Alle tre molti beneficiari hanno concluso le operazioni e sono seduti a mangiare e chiacchierare. Rimangono gli ultimi, che si sono addormentati sui sedili di metallo del terminal. Tutti quanti, adulti, ragazzi e bambini.

Sono così stanco che mi sdraierei pure a terra per dormire, ma non mi addormenterei neanche coi sonniferi. Non ho cenato, ho mangiato l’ultima volta quattordici ore fa e non ho fame per niente. Sto ancora in piedi a chiamare i beneficiari per condurli al tampone e alle impronte. Se mi fermo pure un secondo, mi sembra che non ripartirei più.
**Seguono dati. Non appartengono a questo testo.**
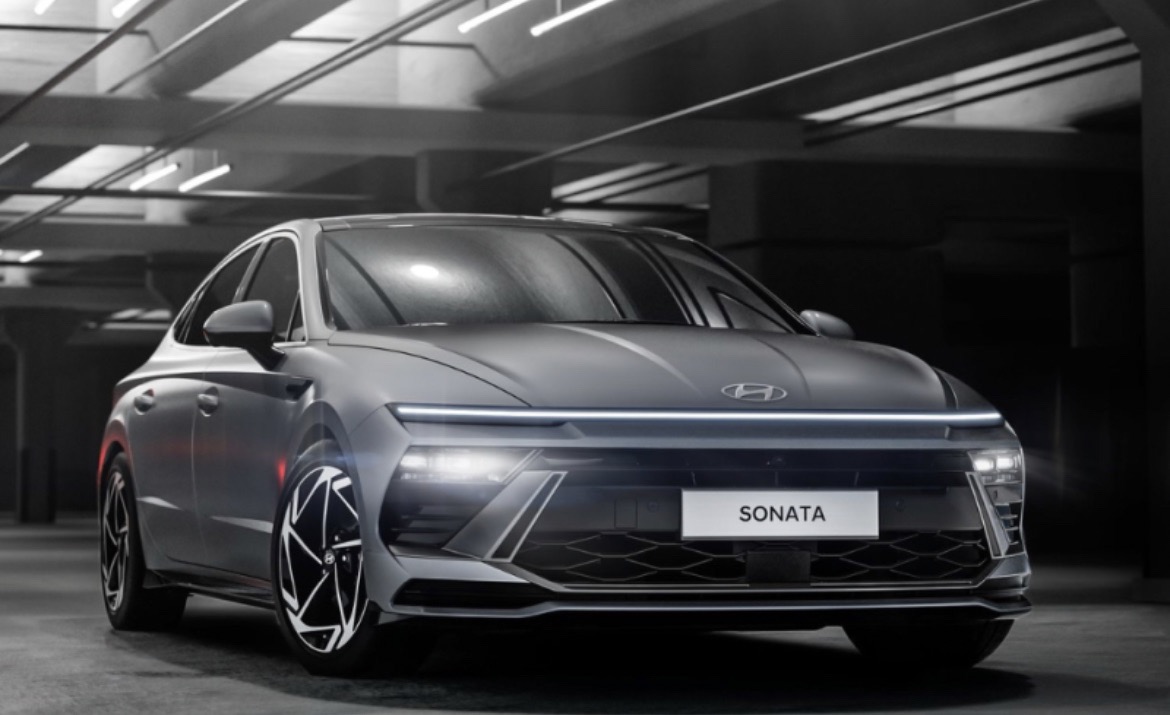 2024-쏘나타-일자형-주간주행등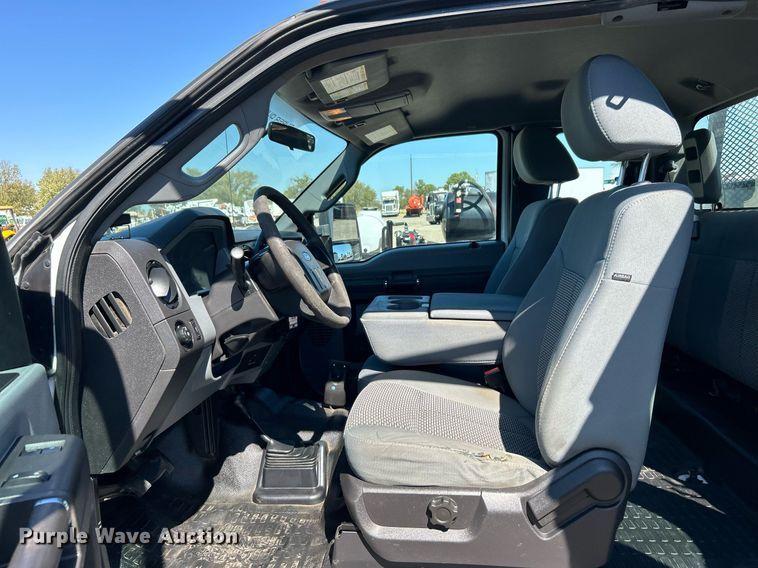 image for item EG1101 2012 Ford F550 Super Duty  SuperCab utility/ service truck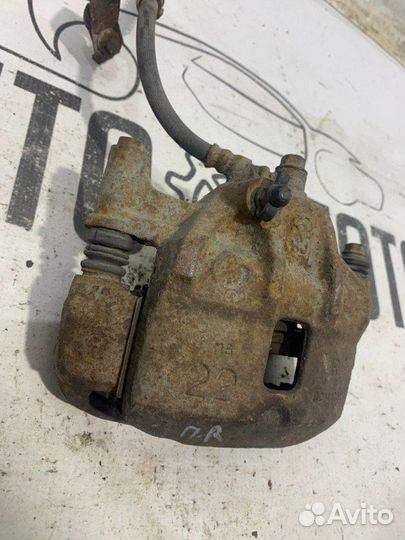 Суппорт передний правый Hyundai Accent G4EC 2006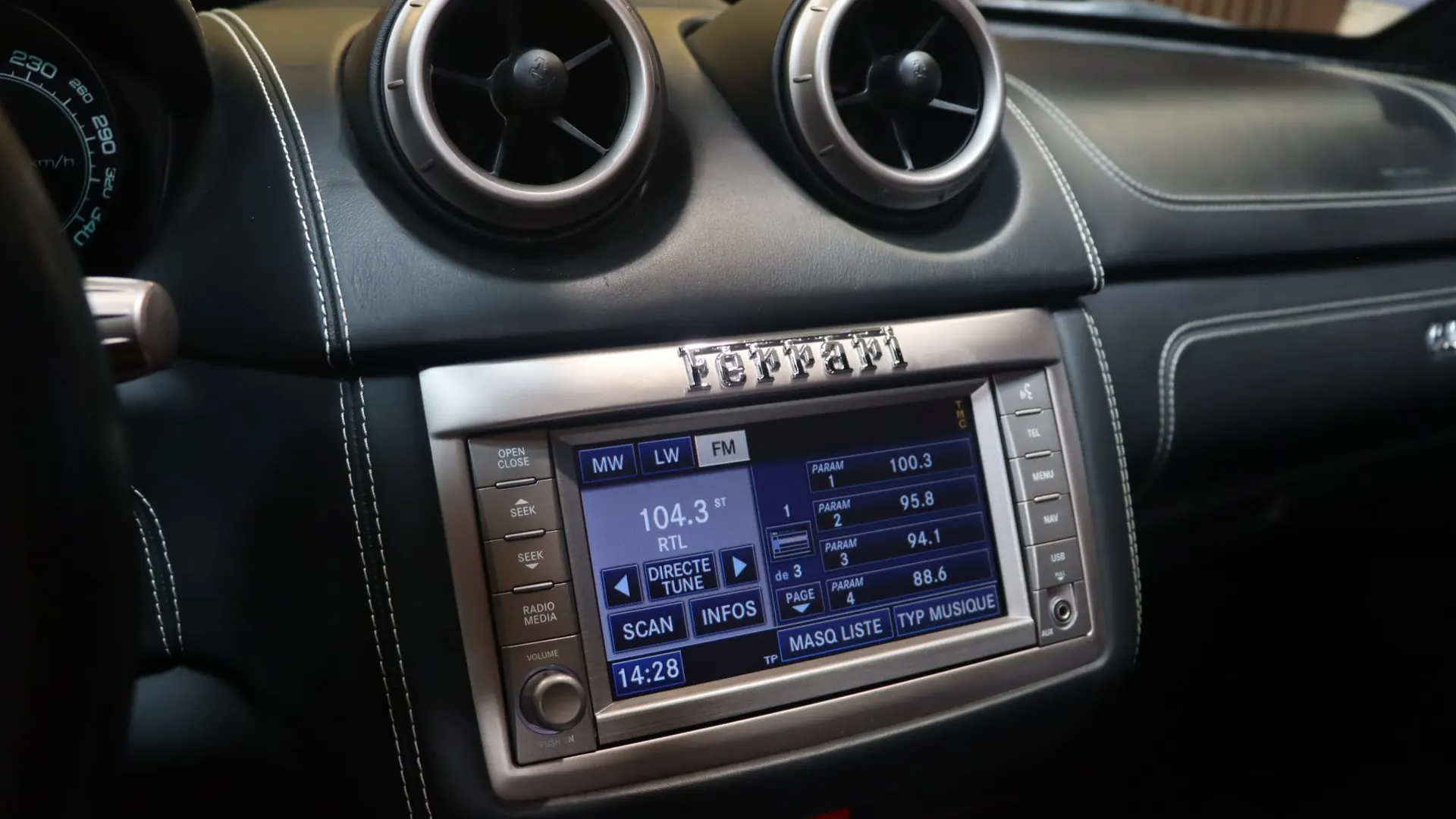 Ferrari California — photo 27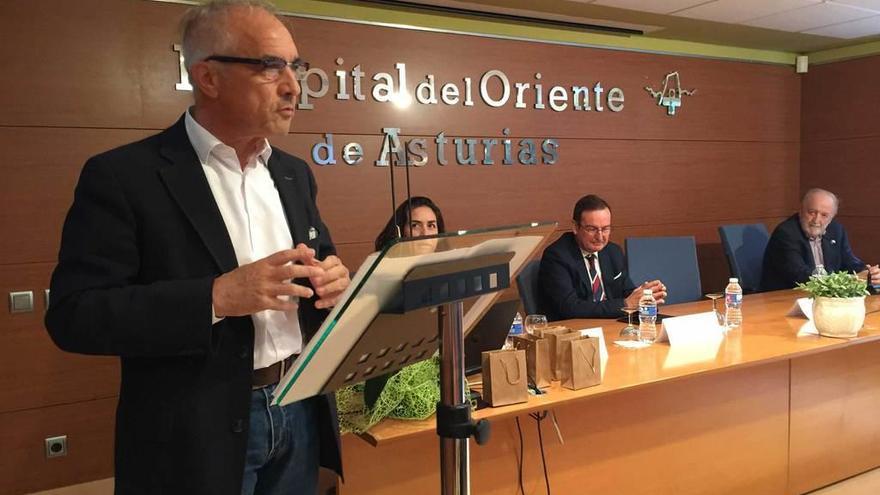 El exgerente Tácito Suárez ofrece un discurso ante la atenta mirada de Margarita Pendás (gerente del área VI), José Ramón Riera (director del Sespa) y Diego Carcedo (expatrono de la Fundación Grande Covián) en Arriondas.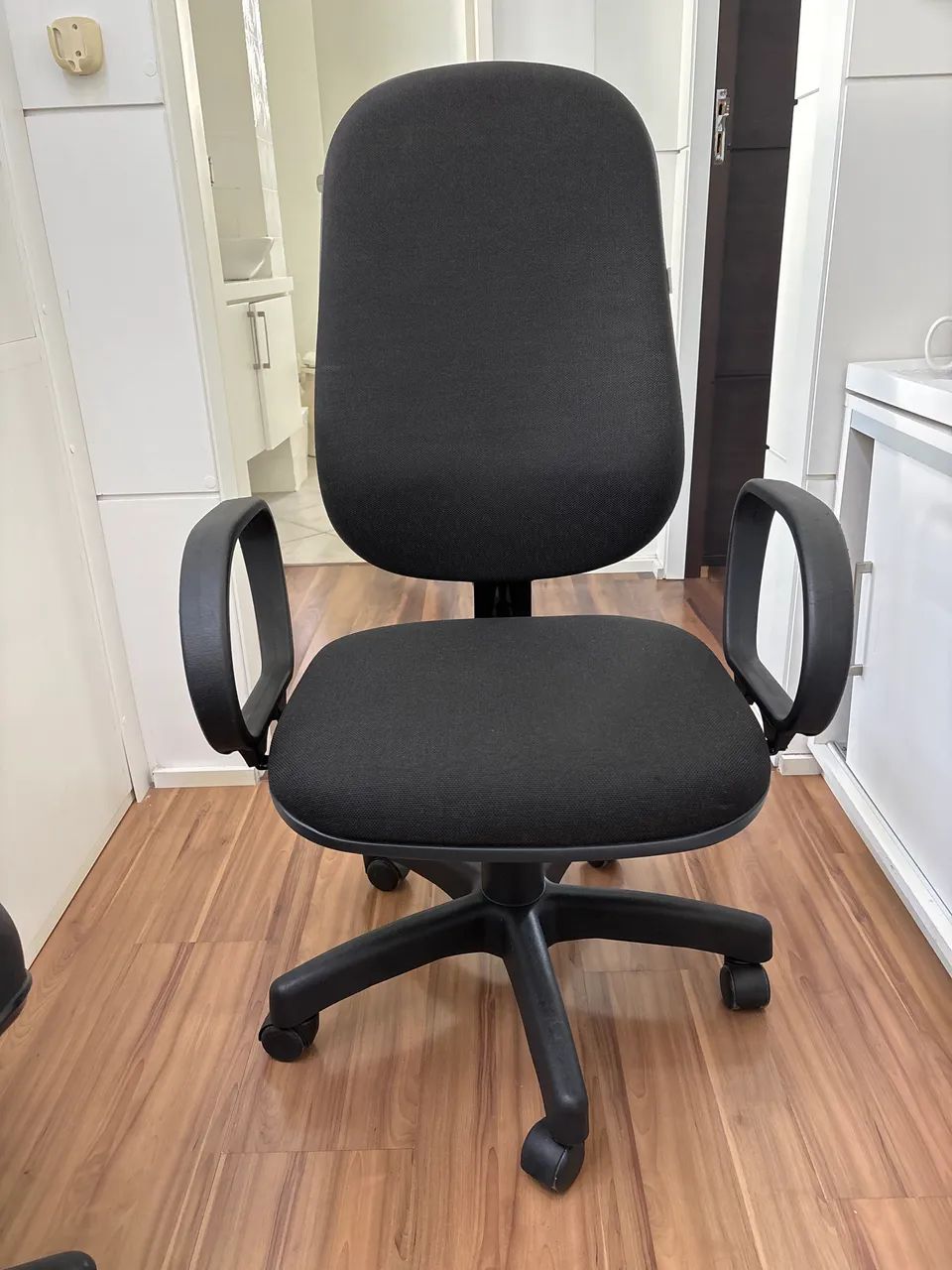 Cadeiras giratórias USADAS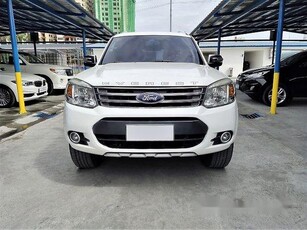 White Ford Everest 2014 Automatic Diesel for sale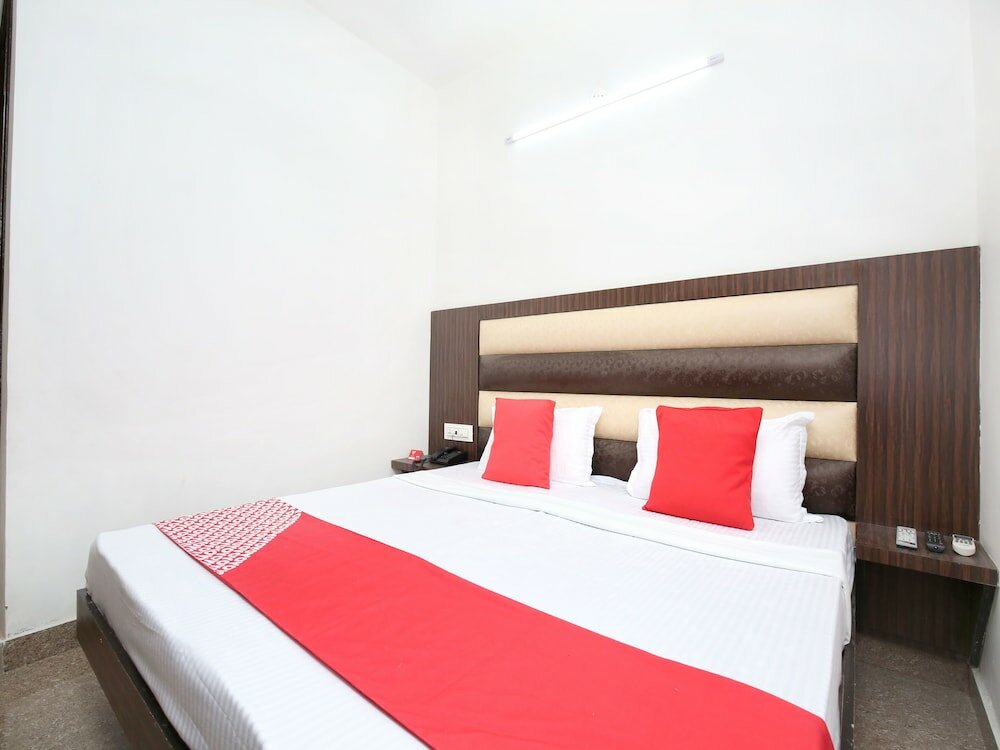 Фото Oyo 15863 Hotel Royal Vij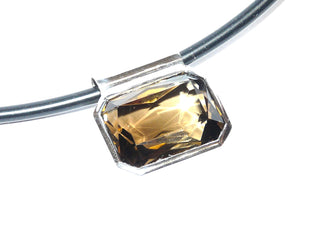 schlichtes Einzelstück, Handarbeit, Unikat-Anhänger, achteckiger, facettierter Rauchquarz quer in massivem 925 Silber gehalten, Zargenfassung mit einem Röhrchen zum Einfädeln der Kette, 23 mm x 22 mm mit Schlaufe. Durch seine klare Form auch sehr schön als Herrenanhänger - Handarbeit in besonderer Form! Nur in der Goldschmiede Danilo.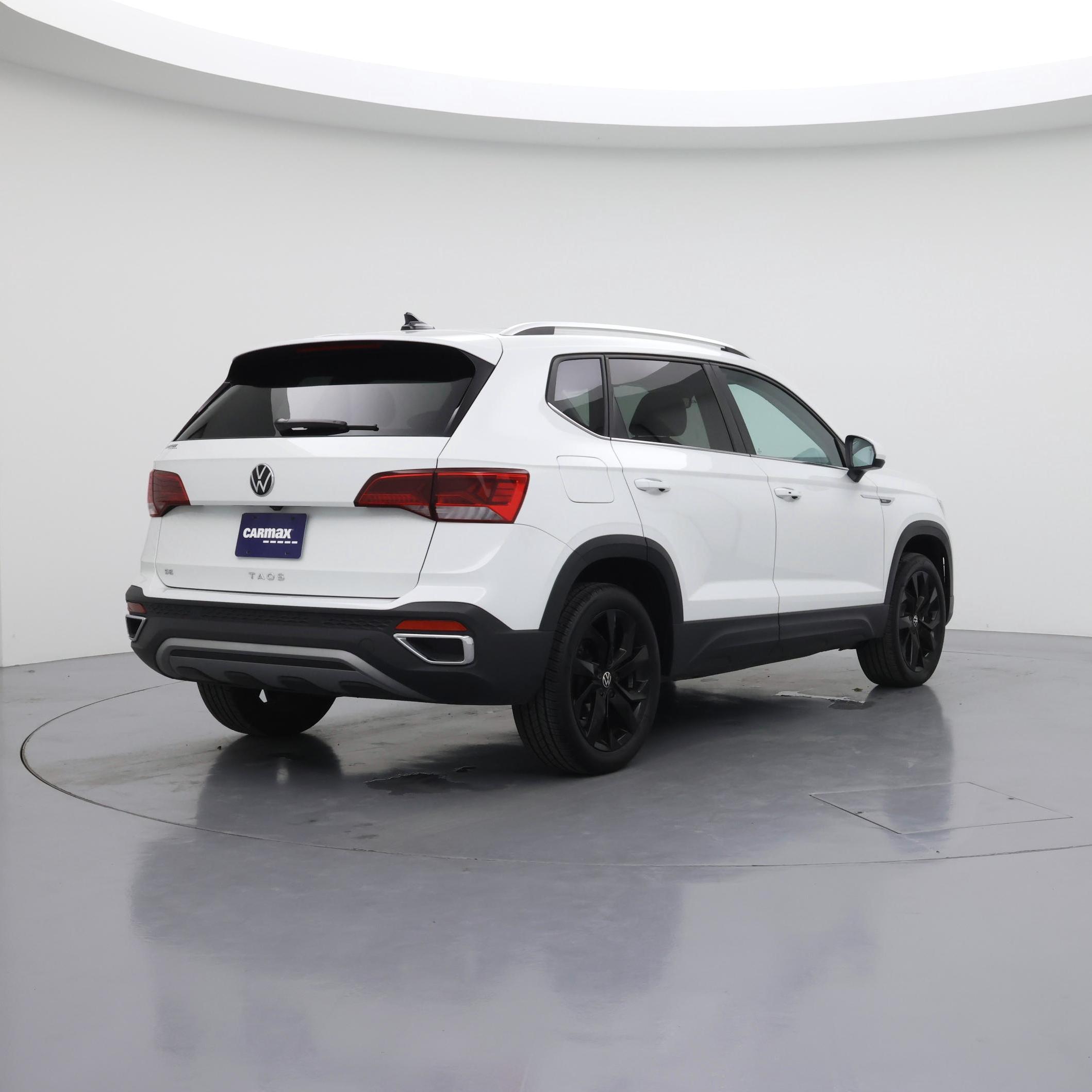 Thumbnail: 2024 Volkswagen Taos - 8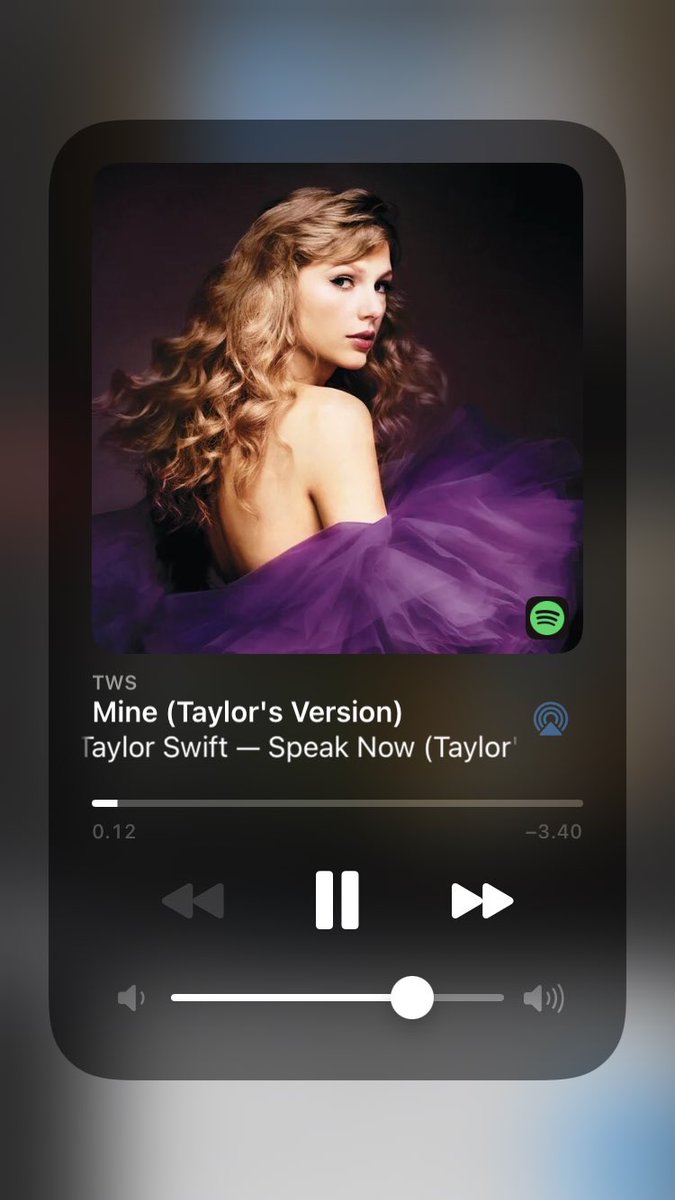 _aayie's tweet photo. falling in love again😆🤍🤍🧎🏻‍♀️ https://t.co/Ff17bQNNd9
Alla fine la faccio una pausa. Mangio qualcosa un po’ contro voglia, riprendo fiato un attimo. Verso le cinque finiamo. Tutti i beneficiari partono dal terminal, ognuno diretto alla sua destinazione. Per tornare dobbiamo prendere il taxi. La polaria ci dà un passaggio al Terminal 3, Arrivi, dove c’è un po’ più di movimento rispetto al desolato e sperduto T5. Dal finestrino della camionetta vedo il cielo che si accende a poco a poco. Di solito mi capitava solo a capodanno o dopo i falò sulla spiaggia. Penso, non ero mai salito su un mezzo della polizia per qualcosa di male, adesso ci salgo perché ho fatto qualcosa di buono. Certo, è bello essere aiutati, soprattutto quando non sai che fare. Vale per tutti, in fondo.